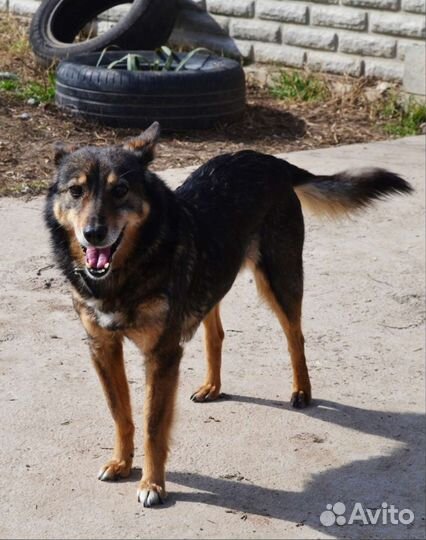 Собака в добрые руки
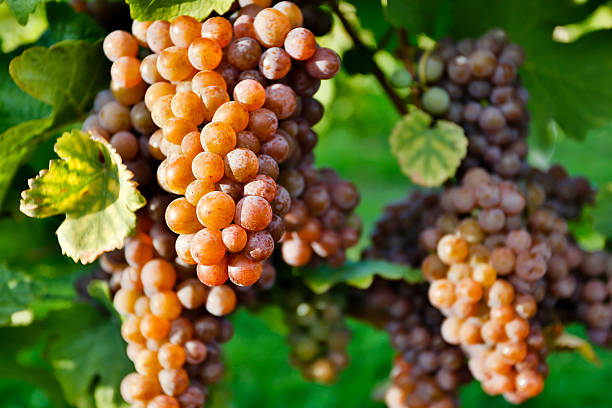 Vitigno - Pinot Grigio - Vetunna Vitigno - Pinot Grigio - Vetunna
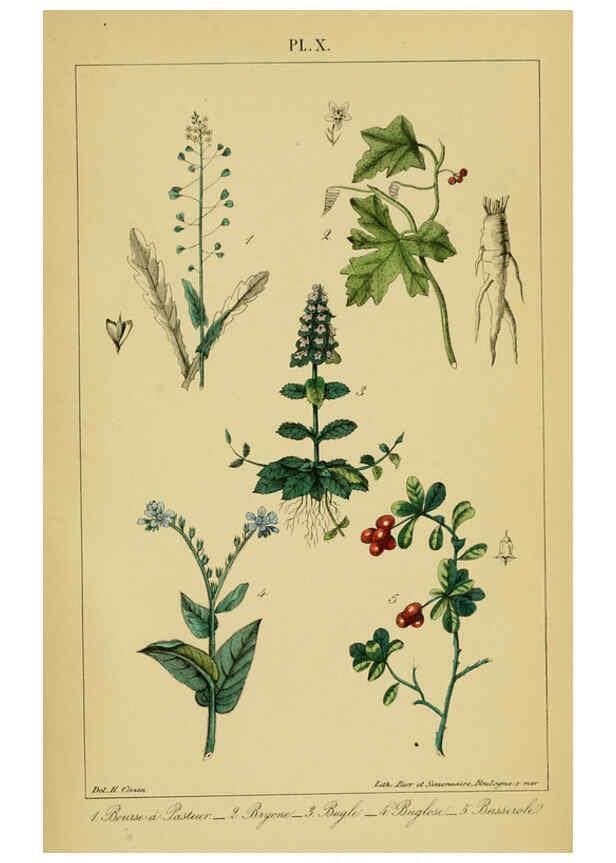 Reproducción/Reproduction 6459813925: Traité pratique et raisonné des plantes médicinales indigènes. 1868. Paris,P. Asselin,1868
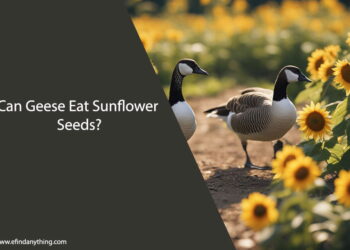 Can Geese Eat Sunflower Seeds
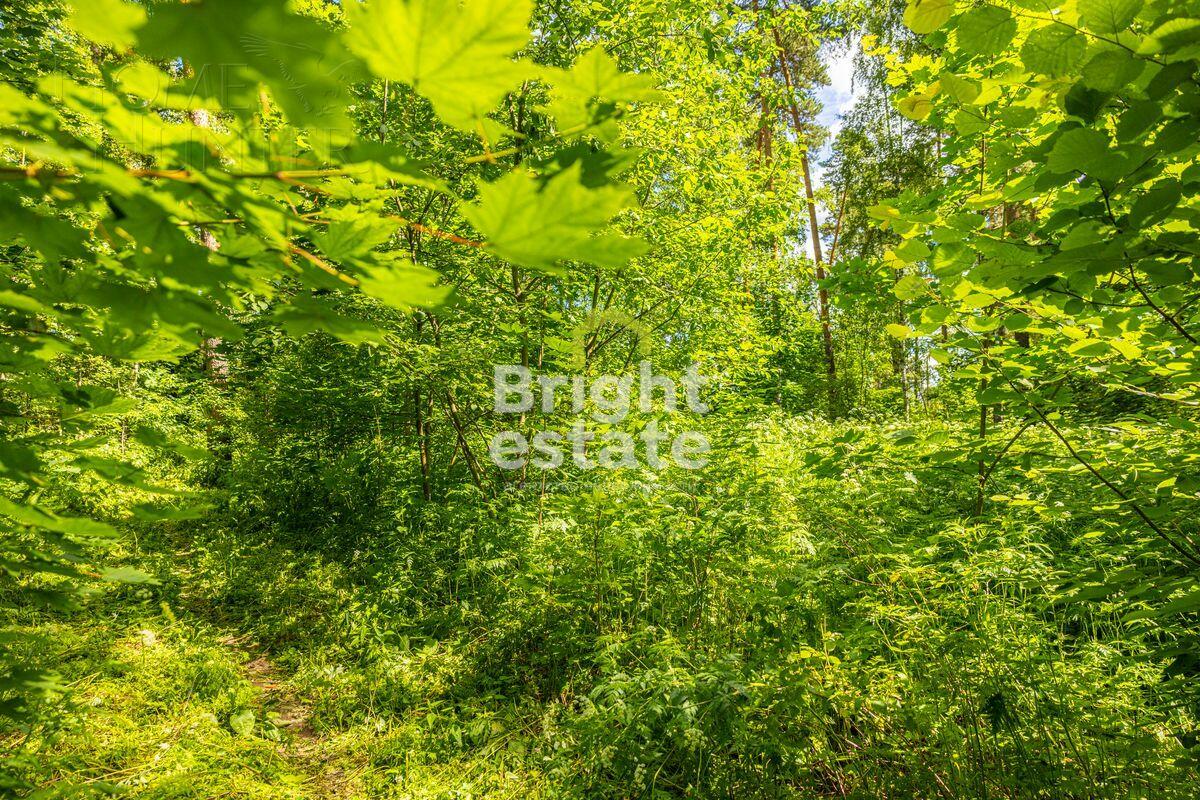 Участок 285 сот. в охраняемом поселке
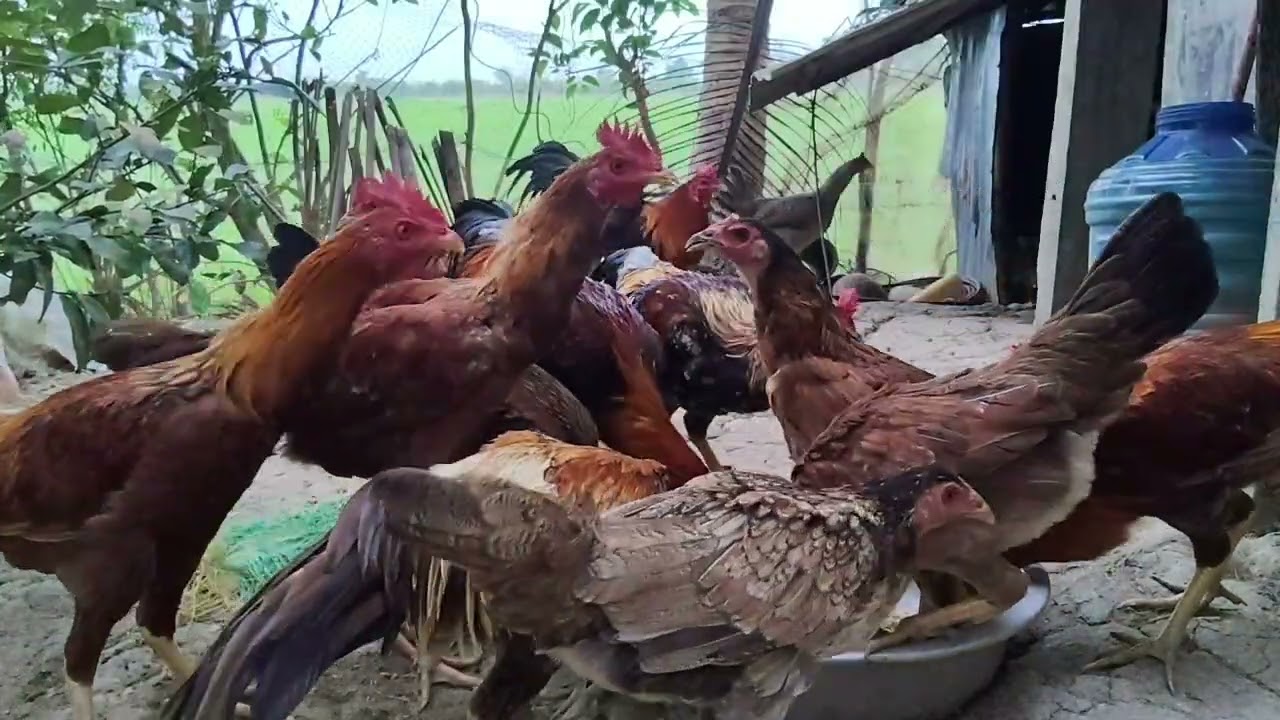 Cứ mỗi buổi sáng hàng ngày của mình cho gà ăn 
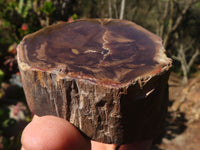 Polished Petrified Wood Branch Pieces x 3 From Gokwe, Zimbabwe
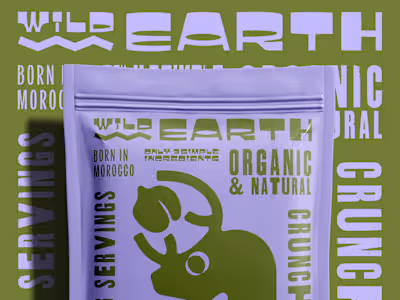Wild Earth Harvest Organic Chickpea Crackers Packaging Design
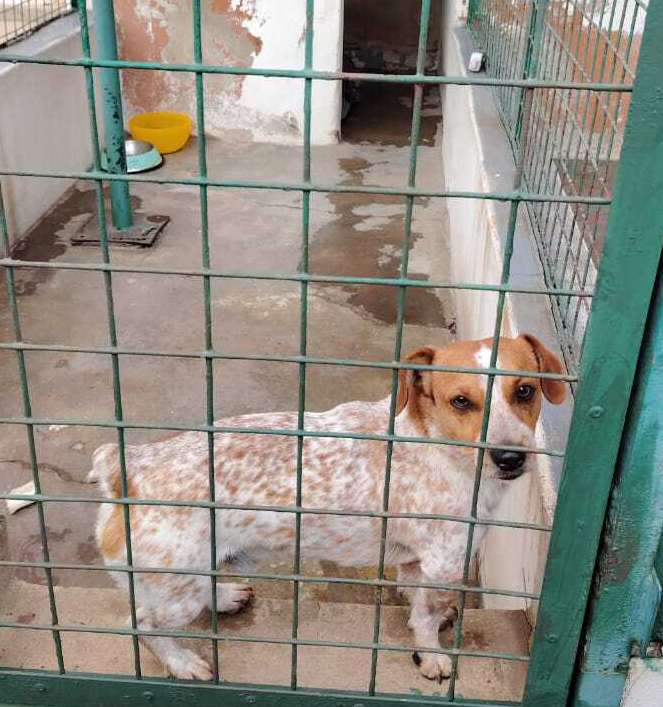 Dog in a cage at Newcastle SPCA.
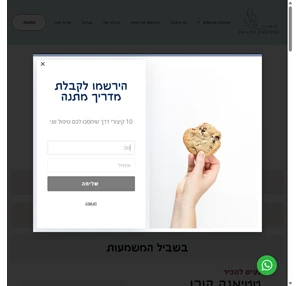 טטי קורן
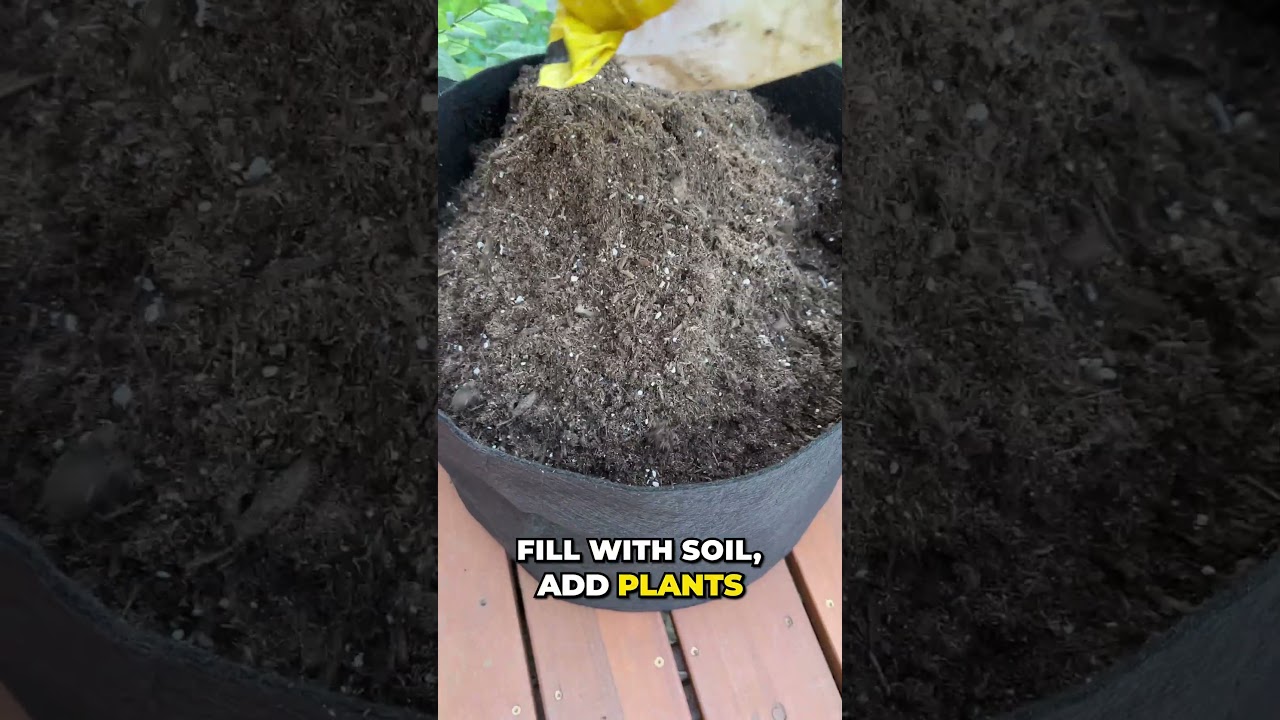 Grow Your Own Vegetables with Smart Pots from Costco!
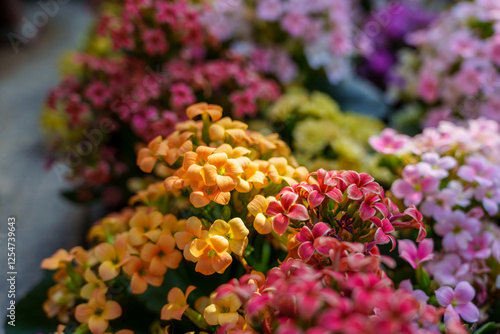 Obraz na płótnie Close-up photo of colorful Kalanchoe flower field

--------------------

WHAT YOU HAVE TO DO
Word for word, give again the lines from the first entry to the line with "Polished Petrified Wood", inclusive. Exclude the pictures.

ANSWER FOR THE TASK
 Собака в добрые руки
 Vitigno - Pinot Grigio - Vetunna Vitigno - Pinot Grigio - Vetunna
 Reproducción/Reproduction 6459813925: Traité pratique et raisonné des plantes médicinales indigènes. 1868. Paris,P. Asselin,1868
 Can Geese Eat Sunflower Seeds
 Участок 285 сот. в охраняемом поселке
 Cứ mỗi buổi sáng hàng ngày của mình cho gà ăn 
 Polished Petrified Wood Branch Pieces x 3 From Gokwe, Zimbabwe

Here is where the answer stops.